Influencer filming video on iPhone.
Aussies investors are trusting the advice of financial influencers, despite recent crack downs on the industry. (Source: Getty)

Would you trust the advice of a finance influencer? Eleven per cent of Aussie investors say they do, new research reveals.

Financial influencers (known as ‘finfluencers’) have gained popularity in recent years on platforms like TikTok and Instagram. Many of these influencers are not licensed to give financial advice, but some investors still believe they are trustworthy.

According to a survey of 1,300 investors by share trading and superannuation platform Superhero, young people are more likely to trust finfluencers.

One in five Superhero investors (20 per cent) aged between 18 and 24 said they trusted finance content creators.
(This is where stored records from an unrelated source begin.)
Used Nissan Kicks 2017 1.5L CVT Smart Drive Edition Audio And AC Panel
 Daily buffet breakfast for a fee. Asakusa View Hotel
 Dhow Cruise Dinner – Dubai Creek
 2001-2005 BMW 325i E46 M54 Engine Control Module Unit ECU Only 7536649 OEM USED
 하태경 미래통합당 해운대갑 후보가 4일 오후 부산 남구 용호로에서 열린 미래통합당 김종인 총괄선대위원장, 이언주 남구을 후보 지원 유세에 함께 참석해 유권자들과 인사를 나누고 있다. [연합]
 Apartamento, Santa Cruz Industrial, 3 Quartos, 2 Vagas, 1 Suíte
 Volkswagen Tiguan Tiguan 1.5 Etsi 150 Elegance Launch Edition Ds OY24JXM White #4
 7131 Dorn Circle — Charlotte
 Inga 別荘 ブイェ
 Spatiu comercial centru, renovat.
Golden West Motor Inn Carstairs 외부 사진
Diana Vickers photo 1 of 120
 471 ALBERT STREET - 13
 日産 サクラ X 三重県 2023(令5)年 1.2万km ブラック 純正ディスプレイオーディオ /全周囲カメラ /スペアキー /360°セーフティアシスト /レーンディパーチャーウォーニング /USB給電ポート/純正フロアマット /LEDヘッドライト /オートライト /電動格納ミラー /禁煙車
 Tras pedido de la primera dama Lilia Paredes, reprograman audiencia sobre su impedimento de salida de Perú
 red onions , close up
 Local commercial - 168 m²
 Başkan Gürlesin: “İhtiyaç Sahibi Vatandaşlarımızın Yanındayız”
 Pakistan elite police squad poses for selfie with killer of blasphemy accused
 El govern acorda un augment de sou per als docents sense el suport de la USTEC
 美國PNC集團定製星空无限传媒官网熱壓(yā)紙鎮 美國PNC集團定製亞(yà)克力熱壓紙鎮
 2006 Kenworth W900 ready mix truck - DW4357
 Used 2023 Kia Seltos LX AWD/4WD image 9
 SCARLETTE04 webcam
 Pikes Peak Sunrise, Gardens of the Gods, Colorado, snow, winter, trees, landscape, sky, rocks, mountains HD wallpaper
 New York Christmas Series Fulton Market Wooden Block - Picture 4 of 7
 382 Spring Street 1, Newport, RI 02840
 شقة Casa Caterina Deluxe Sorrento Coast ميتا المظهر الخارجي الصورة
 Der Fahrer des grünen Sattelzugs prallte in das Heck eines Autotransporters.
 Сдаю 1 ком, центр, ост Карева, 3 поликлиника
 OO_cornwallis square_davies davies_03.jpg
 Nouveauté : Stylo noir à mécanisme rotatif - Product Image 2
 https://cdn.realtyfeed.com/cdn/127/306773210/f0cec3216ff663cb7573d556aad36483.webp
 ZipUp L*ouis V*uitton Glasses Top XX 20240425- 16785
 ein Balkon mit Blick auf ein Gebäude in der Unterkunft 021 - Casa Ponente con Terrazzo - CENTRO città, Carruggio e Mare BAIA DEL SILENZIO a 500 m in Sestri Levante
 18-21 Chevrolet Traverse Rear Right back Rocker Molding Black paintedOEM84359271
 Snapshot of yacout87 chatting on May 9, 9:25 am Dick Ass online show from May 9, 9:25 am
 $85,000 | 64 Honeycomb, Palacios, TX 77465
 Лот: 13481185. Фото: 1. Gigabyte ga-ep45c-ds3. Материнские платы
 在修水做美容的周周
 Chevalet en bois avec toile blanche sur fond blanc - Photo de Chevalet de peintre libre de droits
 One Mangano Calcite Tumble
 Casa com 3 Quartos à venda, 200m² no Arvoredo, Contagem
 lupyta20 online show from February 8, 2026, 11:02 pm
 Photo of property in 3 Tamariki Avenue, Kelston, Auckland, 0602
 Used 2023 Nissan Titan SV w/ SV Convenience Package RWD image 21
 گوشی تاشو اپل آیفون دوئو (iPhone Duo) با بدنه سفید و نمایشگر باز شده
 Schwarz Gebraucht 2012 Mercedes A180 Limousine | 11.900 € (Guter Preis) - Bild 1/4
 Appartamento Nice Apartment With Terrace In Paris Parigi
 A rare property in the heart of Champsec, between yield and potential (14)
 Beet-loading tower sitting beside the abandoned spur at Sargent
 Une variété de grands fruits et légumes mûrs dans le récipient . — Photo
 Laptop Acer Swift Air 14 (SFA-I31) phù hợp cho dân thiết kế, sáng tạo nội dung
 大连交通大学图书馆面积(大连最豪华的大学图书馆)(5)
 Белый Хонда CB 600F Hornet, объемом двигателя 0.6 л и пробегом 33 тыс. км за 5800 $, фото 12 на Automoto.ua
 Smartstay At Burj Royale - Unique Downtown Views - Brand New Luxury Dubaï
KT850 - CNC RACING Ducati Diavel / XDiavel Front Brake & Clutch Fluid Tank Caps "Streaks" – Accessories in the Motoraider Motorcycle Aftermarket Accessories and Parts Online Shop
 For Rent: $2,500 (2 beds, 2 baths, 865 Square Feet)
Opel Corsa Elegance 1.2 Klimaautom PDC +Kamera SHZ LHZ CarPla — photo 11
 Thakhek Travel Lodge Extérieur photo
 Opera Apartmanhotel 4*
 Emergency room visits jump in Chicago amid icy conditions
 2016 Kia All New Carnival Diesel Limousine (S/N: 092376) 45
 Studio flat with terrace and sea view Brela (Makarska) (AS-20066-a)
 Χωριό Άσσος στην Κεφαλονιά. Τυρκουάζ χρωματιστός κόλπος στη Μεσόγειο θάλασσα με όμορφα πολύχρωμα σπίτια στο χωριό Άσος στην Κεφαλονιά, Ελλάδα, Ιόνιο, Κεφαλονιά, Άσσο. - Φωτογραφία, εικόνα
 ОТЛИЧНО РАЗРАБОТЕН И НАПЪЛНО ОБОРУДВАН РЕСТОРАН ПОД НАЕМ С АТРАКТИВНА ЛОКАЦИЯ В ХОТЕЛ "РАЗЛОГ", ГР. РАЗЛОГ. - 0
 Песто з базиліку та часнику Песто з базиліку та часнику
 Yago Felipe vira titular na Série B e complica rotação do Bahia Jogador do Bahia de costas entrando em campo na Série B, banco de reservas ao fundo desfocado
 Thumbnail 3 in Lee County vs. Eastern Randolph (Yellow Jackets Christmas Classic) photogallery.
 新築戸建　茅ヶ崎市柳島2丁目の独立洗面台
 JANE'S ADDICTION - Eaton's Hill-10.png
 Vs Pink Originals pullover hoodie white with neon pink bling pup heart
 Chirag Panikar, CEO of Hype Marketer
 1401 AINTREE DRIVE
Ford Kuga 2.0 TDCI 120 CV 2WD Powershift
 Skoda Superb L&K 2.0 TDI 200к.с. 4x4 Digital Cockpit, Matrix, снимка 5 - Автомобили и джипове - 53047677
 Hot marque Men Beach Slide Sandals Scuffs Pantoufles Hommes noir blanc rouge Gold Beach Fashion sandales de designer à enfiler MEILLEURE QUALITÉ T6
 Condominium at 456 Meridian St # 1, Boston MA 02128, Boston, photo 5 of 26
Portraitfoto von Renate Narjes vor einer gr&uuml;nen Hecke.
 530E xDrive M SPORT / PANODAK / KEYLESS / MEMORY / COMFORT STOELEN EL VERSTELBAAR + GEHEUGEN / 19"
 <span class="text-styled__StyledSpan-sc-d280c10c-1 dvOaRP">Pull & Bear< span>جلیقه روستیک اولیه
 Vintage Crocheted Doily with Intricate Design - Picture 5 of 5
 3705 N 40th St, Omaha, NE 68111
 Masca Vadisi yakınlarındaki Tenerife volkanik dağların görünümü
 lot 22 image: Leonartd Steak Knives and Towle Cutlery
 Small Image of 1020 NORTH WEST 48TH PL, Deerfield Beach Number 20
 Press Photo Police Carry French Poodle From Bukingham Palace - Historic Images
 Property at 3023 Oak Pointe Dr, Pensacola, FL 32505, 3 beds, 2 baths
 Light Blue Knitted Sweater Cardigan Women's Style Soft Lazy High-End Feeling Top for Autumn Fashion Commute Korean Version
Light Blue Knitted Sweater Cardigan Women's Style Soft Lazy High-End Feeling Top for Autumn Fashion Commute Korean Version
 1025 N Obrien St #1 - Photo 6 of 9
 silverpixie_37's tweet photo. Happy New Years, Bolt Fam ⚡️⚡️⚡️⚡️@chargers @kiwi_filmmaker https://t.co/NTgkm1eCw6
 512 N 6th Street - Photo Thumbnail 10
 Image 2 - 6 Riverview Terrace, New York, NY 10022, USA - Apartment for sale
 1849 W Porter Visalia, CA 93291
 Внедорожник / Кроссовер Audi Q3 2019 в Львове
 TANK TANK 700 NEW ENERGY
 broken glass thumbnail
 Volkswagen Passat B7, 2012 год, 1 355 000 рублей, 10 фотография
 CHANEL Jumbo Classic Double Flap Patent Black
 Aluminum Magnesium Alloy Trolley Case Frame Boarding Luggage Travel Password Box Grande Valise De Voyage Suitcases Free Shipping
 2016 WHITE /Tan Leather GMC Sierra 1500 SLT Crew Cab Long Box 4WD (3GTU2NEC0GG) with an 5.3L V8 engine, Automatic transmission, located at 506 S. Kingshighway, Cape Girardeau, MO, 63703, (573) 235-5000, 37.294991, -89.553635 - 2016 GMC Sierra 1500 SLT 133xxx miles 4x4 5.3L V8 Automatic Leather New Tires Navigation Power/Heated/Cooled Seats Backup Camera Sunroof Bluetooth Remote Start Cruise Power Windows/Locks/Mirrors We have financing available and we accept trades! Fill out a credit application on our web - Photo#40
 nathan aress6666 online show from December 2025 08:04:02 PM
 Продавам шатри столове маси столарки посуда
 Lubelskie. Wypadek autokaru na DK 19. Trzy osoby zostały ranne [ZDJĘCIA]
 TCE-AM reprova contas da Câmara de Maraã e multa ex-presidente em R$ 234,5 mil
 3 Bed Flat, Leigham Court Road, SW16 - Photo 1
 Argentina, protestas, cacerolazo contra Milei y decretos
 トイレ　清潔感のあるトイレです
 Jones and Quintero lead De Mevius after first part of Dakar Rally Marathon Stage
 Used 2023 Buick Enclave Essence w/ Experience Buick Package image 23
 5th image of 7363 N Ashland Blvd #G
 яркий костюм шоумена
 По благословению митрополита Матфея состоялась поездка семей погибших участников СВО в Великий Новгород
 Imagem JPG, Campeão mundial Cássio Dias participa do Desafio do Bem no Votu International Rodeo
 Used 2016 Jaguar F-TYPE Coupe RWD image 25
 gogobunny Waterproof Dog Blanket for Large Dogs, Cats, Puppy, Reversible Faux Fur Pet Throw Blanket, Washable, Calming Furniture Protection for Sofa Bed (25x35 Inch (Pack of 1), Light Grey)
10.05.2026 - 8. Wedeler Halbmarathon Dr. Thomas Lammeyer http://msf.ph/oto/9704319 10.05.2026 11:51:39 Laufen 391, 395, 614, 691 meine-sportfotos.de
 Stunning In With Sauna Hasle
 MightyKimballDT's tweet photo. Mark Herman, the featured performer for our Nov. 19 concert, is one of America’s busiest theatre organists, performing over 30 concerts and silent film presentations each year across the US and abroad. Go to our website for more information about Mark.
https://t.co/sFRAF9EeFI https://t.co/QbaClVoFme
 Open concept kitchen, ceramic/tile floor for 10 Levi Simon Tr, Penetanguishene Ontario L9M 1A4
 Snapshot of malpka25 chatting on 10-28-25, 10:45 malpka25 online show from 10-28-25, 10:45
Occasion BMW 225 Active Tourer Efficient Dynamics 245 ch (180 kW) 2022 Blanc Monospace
This was in stark contrast to investors over 55, with just 5 per cent of that group saying they found finfluencers trustworthy.

Female investors were also more likely to trust finfluencers (15 per cent), compared to male investors (9 per cent).

“The role of finfluencers and social media content creators sharing advice with Australians has been an incredibly hot topic over the last six months,” Superhero CEO and co-founder, John Winters, said.

“What’s clear from our research is that Superhero investors recognise the level of risk that comes with following financial advice shared by unqualified people.”

Trusting finfluencers can be risky

Many finfluencers are not licensed to give financial advice. That means investors don’t have protections if they follow their advice and things go belly up.

ASIC has recently cracked down on the industry. The corporate watchdog warned unlicensed influencers they could face up to five years’ jail time or fines of over $1 million if they talk about stocks, investment funds or financial products.

It comes as more Aussies learn about finances through social media. A recent ASIC survey found 41 per cent of Aussie investors source information from social media, including YouTube (20 per cent), Facebook (11 per cent), podcasts (10 per cent) and financial influencers (10 per cent).

Half of those surveyed admitted they have invested in things because “they didn’t want to miss out”.